I tell myself that all things change and so these feelings will to. They may change back but there will be a time that I feel a bit different and sometimes that’s enough to get me out and about. Honestly I just try to hyper focus on one thing and get that done and high five myself for doing it and then try to find something else to focus on. I don’t know what works for you but I hope you find something to get you through the days.
Thanks. I suppose my feelings do at least fluctuate, but it kind of seems like they’re always there, under the surface. It’s like they cast a shadow over everything else I experience. I never feel really ‘free’ from them, so it’s hard to motivate myself or push myself toward a time when I’ll feel better. I’ve try keeping my mind wrapped up in other things (like work), but it just leaves me feeling empty when I realize how meaningless it all is.
Fair enough. Well I wish you good luck on work stuffs and trying to find some meaning in all of this.
jesus man. if i hadnt thrown my old pc against the concrete i would show you some of my old notes. I know ive said it before but its just word for word, idea for idea. Literally the exact same. at least on the surface. obviously we’re different people with different situations but still.
for me the first year out of isolation was built mostly on delusions of grandeur and dealing with people through a fake persona. this lead me down the same old paths and i ended up depressed and suicidal again.
started using drugs and the next year was probably the worst in my life. came very near death many times and permanently ruining my life but at the end i was scared into submission.
spent some time in intense anxiety and fear then reverted to my child mind. started over from zero and recovered my health while opening up about my past for the first time.
spent the next several years at a new job and eventually started learning to let go and socialize better. Met a very close friend who, although his life is entirely different from mine, had many similarities in our personalities and outlooks.
we helped each other grow each nite talking after work and i constantly worked to open up more and more. let go of the past. and now i have things i never thought i would back then in the isolation.
it’s not something that ever goes away completely but telling yourself things cant change is just a misunderstanding on your part, because you just dont know that and by telling yourself that you hamstring yourself
The thing is, I’ve already been through this phase – trying to re-engage with reality over the course of years, build up friendships, getting a job. But I couldn’t make it stick, and I regressed. There’s no way for me to really let go with people, or open up about my past. There’s stuff I can’t ever risk people finding out about me, so I’m always stuck with that fake persona, and the anxiety just builds and builds. The past is ingrained in my subconscious, and try as I might to let it go something always happens to push it back into my awareness. The issue is still there like a splinter in my mind, and although I can try and build up walls around it it regularly breaks through, causing more distress and anxiety.

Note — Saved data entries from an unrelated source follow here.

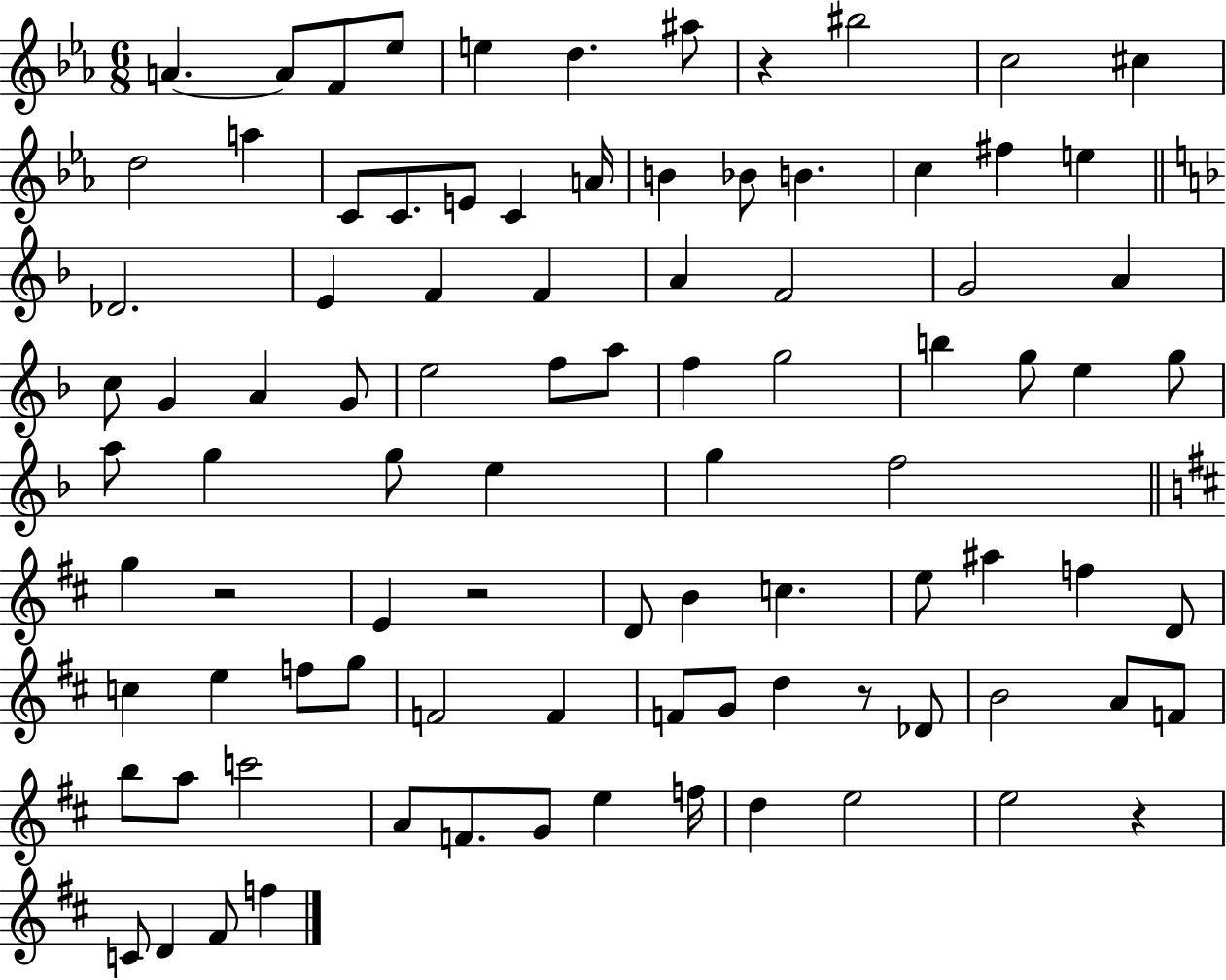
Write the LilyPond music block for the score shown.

{
  \clef treble
  \numericTimeSignature
  \time 6/8
  \key ees \major
  \repeat volta 2 { a'4.~~ a'8 f'8 ees''8 | e''4 d''4. ais''8 | r4 bis''2 | c''2 cis''4 | \break d''2 a''4 | c'8 c'8. e'8 c'4 a'16 | b'4 bes'8 b'4. | c''4 fis''4 e''4 | \break \bar "||" \break \key d \minor des'2. | e'4 f'4 f'4 | a'4 f'2 | g'2 a'4 | \break c''8 g'4 a'4 g'8 | e''2 f''8 a''8 | f''4 g''2 | b''4 g''8 e''4 g''8 | \break a''8 g''4 g''8 e''4 | g''4 f''2 | \bar "||" \break \key d \major g''4 r2 | e'4 r2 | d'8 b'4 c''4. | e''8 ais''4 f''4 d'8 | \break c''4 e''4 f''8 g''8 | f'2 f'4 | f'8 g'8 d''4 r8 des'8 | b'2 a'8 f'8 | \break b''8 a''8 c'''2 | a'8 f'8. g'8 e''4 f''16 | d''4 e''2 | e''2 r4 | \break c'8 d'4 fis'8 f''4 | } \bar "|."
}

So I can’t see myself ever getting to that next phase. I feel like I’ll always be stuck with projecting a fake persona, trying to manage the anxiety that generates. But that’s what I have to find some way to deal with.
Yeah, i mean there’s things i cant tell people either. maybe mine arent as bad as yours, who knows? My persona may be more real but i am still struggling to form a stable inner self and flourish socially. i may never accomplish this im just trying to do better as time goes on.
i do hope one day you can find someone to open up to at least a little.
Thanks, I guess all anyone can do is try to be a little better each day than we were the day before, even if not all of us can ultimately get to where we’d want to be.
I can’t see really opening up to anyone (outside of therapy), but I may get to a point where there’s less of myself that I feel the need to hide.